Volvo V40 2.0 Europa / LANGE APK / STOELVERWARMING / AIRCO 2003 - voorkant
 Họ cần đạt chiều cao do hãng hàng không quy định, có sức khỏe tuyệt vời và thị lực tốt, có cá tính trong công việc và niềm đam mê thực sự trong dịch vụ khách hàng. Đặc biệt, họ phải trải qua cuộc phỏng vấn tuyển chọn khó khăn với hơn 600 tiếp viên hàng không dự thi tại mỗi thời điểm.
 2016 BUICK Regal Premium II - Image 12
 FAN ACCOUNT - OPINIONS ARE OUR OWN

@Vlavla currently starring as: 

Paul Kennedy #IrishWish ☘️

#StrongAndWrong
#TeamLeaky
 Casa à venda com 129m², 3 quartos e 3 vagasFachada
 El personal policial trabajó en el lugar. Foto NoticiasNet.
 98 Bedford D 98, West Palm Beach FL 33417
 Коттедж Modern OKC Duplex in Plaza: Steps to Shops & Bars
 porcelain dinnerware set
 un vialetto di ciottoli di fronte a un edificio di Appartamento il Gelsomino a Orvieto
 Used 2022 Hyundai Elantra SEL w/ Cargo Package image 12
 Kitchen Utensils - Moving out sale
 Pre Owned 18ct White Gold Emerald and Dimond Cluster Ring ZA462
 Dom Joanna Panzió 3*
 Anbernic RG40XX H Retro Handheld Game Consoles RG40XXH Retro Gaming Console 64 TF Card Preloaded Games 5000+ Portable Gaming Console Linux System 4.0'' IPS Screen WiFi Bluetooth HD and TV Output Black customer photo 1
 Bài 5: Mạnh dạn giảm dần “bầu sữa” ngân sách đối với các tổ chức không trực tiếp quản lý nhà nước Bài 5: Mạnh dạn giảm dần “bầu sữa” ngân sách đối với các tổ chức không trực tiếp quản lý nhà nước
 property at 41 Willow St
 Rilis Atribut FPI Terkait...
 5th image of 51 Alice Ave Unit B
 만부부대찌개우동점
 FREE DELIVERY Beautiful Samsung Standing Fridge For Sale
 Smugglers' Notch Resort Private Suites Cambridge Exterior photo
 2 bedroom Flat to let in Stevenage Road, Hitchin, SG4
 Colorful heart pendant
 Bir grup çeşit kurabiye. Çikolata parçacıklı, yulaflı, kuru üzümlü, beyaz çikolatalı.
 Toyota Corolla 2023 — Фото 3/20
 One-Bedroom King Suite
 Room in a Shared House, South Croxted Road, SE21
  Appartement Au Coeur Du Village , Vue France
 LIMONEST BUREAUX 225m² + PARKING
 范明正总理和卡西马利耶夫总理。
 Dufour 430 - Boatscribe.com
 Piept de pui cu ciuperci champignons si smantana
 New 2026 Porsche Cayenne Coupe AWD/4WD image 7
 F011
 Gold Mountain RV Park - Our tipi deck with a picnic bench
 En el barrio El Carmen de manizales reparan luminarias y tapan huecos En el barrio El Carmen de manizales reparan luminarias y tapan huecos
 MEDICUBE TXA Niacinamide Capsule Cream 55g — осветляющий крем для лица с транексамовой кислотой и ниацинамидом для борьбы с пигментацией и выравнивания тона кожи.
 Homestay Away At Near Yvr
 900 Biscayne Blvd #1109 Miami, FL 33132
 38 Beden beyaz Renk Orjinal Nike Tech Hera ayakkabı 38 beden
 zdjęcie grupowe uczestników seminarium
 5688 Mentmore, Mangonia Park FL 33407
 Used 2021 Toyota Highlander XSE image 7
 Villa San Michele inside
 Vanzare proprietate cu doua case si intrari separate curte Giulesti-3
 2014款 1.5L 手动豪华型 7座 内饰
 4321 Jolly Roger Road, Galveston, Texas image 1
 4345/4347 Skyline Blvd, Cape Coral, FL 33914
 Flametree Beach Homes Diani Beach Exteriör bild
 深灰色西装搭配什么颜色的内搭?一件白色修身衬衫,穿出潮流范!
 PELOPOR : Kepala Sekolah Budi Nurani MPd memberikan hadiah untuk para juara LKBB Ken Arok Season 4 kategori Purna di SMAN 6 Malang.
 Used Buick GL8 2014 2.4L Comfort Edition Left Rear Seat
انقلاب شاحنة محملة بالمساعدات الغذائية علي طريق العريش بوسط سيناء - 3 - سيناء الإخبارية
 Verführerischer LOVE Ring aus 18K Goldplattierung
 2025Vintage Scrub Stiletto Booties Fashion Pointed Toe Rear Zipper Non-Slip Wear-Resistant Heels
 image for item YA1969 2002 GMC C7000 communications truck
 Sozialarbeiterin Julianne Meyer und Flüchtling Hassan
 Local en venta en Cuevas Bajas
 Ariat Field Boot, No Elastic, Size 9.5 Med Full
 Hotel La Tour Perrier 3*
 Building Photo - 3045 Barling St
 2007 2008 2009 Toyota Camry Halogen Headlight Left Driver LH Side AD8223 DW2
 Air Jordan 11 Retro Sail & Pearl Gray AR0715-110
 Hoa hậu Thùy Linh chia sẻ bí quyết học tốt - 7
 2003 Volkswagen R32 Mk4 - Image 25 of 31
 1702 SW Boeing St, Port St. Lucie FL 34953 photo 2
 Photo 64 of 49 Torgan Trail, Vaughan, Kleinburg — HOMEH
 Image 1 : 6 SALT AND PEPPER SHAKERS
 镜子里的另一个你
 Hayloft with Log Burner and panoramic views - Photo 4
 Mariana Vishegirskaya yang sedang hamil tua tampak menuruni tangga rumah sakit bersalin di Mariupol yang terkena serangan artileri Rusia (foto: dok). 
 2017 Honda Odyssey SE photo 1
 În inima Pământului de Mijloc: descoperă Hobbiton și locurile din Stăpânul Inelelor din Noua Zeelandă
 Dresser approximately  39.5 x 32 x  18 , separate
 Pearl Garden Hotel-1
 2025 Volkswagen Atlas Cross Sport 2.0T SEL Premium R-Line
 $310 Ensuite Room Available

--

Exercise prompt | Copy verbatim, from the listing above, each line from the one containing "38 Beden beyaz" down to the one containing "2017 Honda Odyssey SE photo 1", inclusive.

Solved problem |
 38 Beden beyaz Renk Orjinal Nike Tech Hera ayakkabı 38 beden
 zdjęcie grupowe uczestników seminarium
 5688 Mentmore, Mangonia Park FL 33407
 Used 2021 Toyota Highlander XSE image 7
 Villa San Michele inside
 Vanzare proprietate cu doua case si intrari separate curte Giulesti-3
 2014款 1.5L 手动豪华型 7座 内饰
 4321 Jolly Roger Road, Galveston, Texas image 1
 4345/4347 Skyline Blvd, Cape Coral, FL 33914
 Flametree Beach Homes Diani Beach Exteriör bild
 深灰色西装搭配什么颜色的内搭?一件白色修身衬衫,穿出潮流范!
 PELOPOR : Kepala Sekolah Budi Nurani MPd memberikan hadiah untuk para juara LKBB Ken Arok Season 4 kategori Purna di SMAN 6 Malang.
 Used Buick GL8 2014 2.4L Comfort Edition Left Rear Seat
انقلاب شاحنة محملة بالمساعدات الغذائية علي طريق العريش بوسط سيناء - 3 - سيناء الإخبارية
 Verführerischer LOVE Ring aus 18K Goldplattierung
 2025Vintage Scrub Stiletto Booties Fashion Pointed Toe Rear Zipper Non-Slip Wear-Resistant Heels
 image for item YA1969 2002 GMC C7000 communications truck
 Sozialarbeiterin Julianne Meyer und Flüchtling Hassan
 Local en venta en Cuevas Bajas
 Ariat Field Boot, No Elastic, Size 9.5 Med Full
 Hotel La Tour Perrier 3*
 Building Photo - 3045 Barling St
 2007 2008 2009 Toyota Camry Halogen Headlight Left Driver LH Side AD8223 DW2
 Air Jordan 11 Retro Sail & Pearl Gray AR0715-110
 Hoa hậu Thùy Linh chia sẻ bí quyết học tốt - 7
 2003 Volkswagen R32 Mk4 - Image 25 of 31
 1702 SW Boeing St, Port St. Lucie FL 34953 photo 2
 Photo 64 of 49 Torgan Trail, Vaughan, Kleinburg — HOMEH
 Image 1 : 6 SALT AND PEPPER SHAKERS
 镜子里的另一个你
 Hayloft with Log Burner and panoramic views - Photo 4
 Mariana Vishegirskaya yang sedang hamil tua tampak menuruni tangga rumah sakit bersalin di Mariupol yang terkena serangan artileri Rusia (foto: dok). 
 2017 Honda Odyssey SE photo 1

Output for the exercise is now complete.